E nemmeno alcune azioni un po' più decise e significative da parte di Israele hanno determinato quell'escalation che molti si aspettavano e, tuttora attendono. Infatti, gli attacchi con droni su Beirut del gennaio scorso, che hanno causato la morte di un paio di importanti leader di Hamas, hanno determinato un innalzamento dei toni di minaccia da parte di Hezbollah, ma non un conseguente inasprimento della sua azione militare, dimostrando ancora la prevalenza dell'ala politica, che proclama sempre come nemico viscerale Israele, ma non a tal punto di rischiare di compromettere la sopravvivenza del Partito ed il suo ruolo di governo in Libano.

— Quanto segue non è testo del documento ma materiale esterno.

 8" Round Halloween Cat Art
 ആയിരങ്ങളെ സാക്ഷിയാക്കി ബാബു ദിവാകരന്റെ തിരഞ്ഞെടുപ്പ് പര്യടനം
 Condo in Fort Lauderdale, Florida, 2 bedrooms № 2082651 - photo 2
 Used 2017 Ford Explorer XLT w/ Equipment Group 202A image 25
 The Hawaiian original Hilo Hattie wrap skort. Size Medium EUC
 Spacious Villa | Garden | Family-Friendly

Inoltre, la Comunità Internazionale, soprattutto per bocca francese e americana, si sta impegnando a fondo affinché il fronte israelo-libanese non deflagri. Il Ministro degli Esteri di Parigi ha presentato, a febbraio, una proposta alla milizia sciita per un arretramento dei suoi assetti a 10 km dal confine, un limite ben inferiore ai 30 km previsti dalla Risoluzione ONU che ha imposto la fine della guerra del 2006. Contestualmente, Israele ha inviato a marzo un ultimatum ad Hezbollah per realizzare la proposta francese, ma la risposta del “Partito di Dio” è stata sempre quella di condizionare ogni suo atto di buona volontà alla fine dei combattimenti della Striscia di Gaza.
Sinora, le scaramucce tra le due parti sembra abbiano provocato la morte di circa 200 combattenti sciiti e di una decina di soldati israeliani, ma anche l'inibizione di un'ampia fascia territoriale a cavallo del confine. Un danno questo che penalizza maggiormente Israele, perché mentre il “Popolo di Dio” è abbastanza assuefatto a tale tipo di disagio, non vale la stessa cosa per le decine di migliaia di Israeliani, che hanno dovuto abbandonare un'area normalmente produttiva.

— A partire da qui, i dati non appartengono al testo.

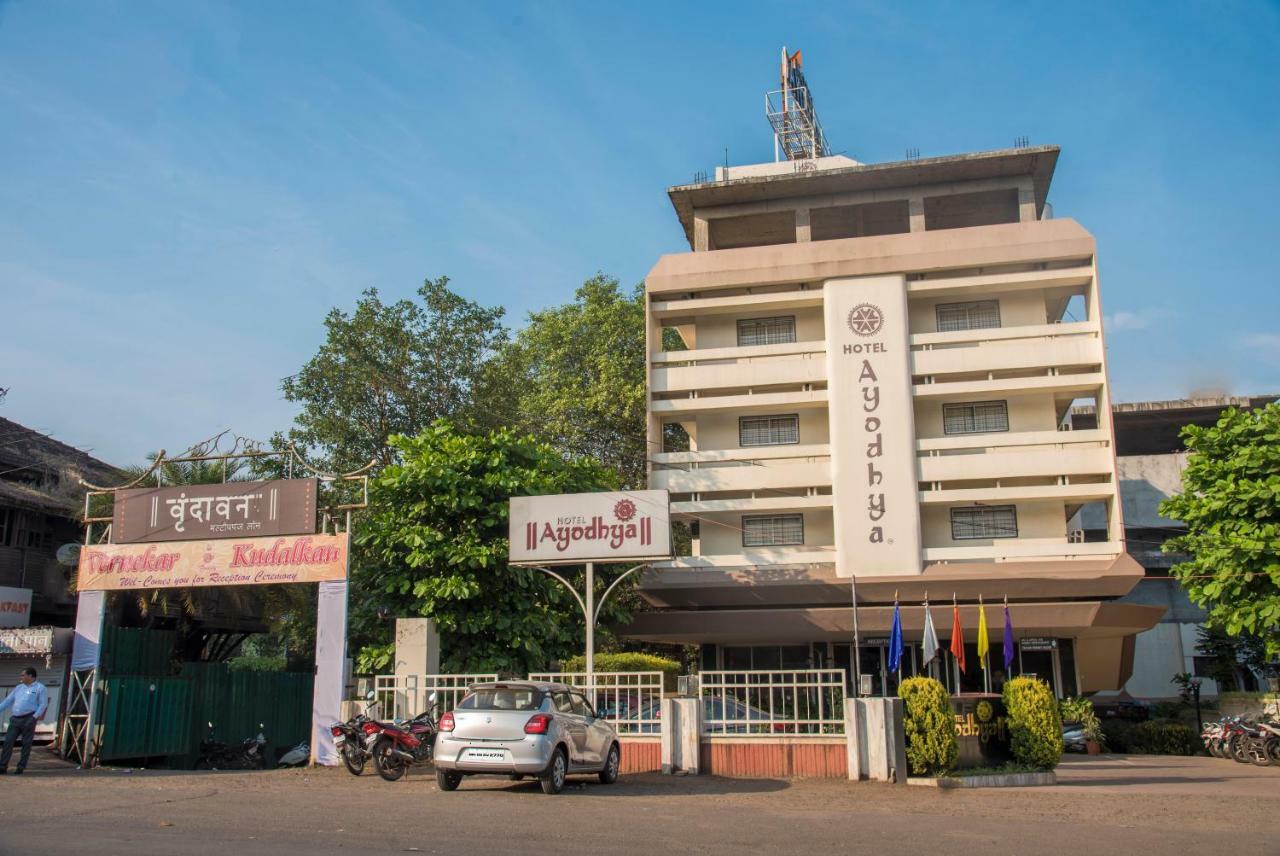 Hotel Ayodhya Колхапур Екстериор снимка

Quest'ultimo effetto danneggia maggiormente Tel Aviv, che non può permettersi di prolungare a tempo indeterminato tale situazione, per motivazioni di politica interna, con il governo di Netanyahu sempre più in difficoltà, per motivazioni di carattere sociale, perché l'Israeliano non sopporta la condizione di profugo e per motivazioni di carattere economico, perché tali aree produttive sono interdette.
Hezbollah sembra aver ben compreso tutto questo e preso coscienza che questa sorta di “guerra di logoramento” lo sta decisamente favorendo, come più volte affermato dal suo leader Nasrallah.
Anche Israele lo sa e potrebbe cercare di cambiare le carte in tavola, ma sa anche che, al momento, l'unica carta di cui sembra disporre la deve estrarre dal mazzo di un deciso innalzamento del livello conflittuale, che dovrebbe portare le sue Forze ad attaccare in profondità il dispositivo del “Partito di Dio”, valicando il confine con il Libano e mettendosi, di fatto, nella condizione di aggressore di uno Stato Sovrano.
Una situazione assolutamente pessima, perché attirerebbe l'inevitabile condanna della Comunità Internazionale, causerebbe un ulteriore peggioramento dei suoi rapporti già difficili con il nervoso sponsor americano, comporterebbe il rischio di un maggiore coinvolgimento degli alleati sciiti (Iran in testa) e sottoporrebbe le IDV ad un impegno operativo di alto profilo, perché il Libano, per quanto oggettivamente più debole, non è Hamas. Questo è cosi vero da indurre al ruggito un esponente del governo libanese che, recentemente, ha affermato che l'eventuale invasione, anche parziale, del Libano da parte di Israele non sarebbe per lui una passeggiata. E se anche un libanese si esprime in questa maniera, significa che la situazione per Tel Aviv è veramente difficile.